— TASK GOAL —
Copy out the lines of the records below, and only those lines, from the one with "Transit Nugget Van mit Aufstelldach" through the one with "พลีมัธ อาร์ไกล์ vs ลิเวอร์พูล", exactly as they appear.

— RECORD SET —
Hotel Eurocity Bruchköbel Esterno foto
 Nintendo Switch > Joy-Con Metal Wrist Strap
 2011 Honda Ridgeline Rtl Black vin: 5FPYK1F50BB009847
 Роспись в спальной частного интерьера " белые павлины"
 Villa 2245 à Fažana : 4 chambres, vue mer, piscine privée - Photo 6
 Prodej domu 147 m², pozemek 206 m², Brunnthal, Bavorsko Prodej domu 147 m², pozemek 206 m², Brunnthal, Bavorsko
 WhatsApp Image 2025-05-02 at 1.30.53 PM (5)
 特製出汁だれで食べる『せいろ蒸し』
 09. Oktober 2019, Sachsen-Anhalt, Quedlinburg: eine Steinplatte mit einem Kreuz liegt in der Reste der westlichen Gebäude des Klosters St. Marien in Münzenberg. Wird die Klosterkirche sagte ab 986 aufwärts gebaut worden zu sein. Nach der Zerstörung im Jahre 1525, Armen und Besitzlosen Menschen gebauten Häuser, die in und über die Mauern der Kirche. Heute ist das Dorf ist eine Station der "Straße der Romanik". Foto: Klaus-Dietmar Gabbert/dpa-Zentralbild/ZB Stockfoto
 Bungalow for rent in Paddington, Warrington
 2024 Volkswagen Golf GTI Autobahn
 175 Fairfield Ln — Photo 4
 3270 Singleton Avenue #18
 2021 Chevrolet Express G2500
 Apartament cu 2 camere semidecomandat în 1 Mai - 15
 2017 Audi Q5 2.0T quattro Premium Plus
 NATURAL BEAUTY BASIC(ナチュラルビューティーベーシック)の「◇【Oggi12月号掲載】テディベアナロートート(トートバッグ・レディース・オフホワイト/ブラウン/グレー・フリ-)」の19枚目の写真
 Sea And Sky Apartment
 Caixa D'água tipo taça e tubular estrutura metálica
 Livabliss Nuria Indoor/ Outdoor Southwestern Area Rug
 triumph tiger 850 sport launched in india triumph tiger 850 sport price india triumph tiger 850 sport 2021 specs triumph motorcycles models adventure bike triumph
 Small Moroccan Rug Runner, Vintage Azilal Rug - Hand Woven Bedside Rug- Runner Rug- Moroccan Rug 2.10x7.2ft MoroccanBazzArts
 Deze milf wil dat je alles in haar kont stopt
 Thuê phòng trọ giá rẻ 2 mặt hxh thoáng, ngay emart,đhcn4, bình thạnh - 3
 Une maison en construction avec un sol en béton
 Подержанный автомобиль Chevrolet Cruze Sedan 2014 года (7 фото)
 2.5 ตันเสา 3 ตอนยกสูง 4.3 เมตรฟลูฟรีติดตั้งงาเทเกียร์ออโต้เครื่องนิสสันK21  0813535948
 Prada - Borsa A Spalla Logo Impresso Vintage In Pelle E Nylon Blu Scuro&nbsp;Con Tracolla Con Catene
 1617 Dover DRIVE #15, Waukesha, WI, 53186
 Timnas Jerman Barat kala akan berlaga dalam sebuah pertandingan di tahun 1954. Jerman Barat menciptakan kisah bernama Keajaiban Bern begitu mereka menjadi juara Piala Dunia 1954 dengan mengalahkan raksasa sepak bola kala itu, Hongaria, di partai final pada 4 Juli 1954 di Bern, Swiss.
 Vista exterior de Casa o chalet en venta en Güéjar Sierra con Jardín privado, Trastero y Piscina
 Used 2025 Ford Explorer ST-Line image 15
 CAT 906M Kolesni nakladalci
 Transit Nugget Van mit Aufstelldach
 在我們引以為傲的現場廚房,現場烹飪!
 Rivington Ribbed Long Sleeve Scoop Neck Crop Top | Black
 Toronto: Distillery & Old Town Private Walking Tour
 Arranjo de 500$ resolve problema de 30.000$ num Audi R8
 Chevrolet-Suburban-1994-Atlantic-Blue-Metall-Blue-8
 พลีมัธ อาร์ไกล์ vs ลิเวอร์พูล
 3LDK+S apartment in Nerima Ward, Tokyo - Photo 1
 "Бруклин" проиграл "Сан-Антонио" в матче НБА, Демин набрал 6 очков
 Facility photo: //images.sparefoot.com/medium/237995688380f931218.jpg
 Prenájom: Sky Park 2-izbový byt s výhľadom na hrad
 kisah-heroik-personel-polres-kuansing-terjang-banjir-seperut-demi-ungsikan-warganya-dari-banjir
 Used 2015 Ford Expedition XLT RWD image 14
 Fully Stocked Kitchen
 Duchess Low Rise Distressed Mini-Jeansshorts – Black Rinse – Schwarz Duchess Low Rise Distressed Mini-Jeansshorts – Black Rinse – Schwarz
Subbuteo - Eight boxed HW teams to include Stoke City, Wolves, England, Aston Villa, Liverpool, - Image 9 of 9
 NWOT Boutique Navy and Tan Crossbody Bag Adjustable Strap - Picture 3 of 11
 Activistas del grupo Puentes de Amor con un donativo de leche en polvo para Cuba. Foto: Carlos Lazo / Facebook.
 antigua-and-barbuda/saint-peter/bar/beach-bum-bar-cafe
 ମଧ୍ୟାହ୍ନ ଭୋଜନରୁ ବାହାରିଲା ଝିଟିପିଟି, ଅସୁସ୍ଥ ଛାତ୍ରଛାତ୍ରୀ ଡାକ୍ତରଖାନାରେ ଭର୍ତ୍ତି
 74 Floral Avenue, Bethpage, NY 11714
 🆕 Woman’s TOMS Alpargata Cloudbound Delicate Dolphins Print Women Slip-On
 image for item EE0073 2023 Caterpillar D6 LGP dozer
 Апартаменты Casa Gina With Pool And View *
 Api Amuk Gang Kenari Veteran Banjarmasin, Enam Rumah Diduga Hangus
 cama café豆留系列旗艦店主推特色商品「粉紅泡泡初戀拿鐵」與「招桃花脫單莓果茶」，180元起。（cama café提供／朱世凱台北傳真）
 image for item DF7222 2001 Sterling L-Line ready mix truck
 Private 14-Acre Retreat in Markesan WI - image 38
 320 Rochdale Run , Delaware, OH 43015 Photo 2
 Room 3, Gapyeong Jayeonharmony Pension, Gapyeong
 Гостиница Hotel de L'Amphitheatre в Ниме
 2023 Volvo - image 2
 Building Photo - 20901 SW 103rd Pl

— RESPONSE TO THE EXERCISE —
 Transit Nugget Van mit Aufstelldach
 在我們引以為傲的現場廚房,現場烹飪!
 Rivington Ribbed Long Sleeve Scoop Neck Crop Top | Black
 Toronto: Distillery & Old Town Private Walking Tour
 Arranjo de 500$ resolve problema de 30.000$ num Audi R8
 Chevrolet-Suburban-1994-Atlantic-Blue-Metall-Blue-8
 พลีมัธ อาร์ไกล์ vs ลิเวอร์พูล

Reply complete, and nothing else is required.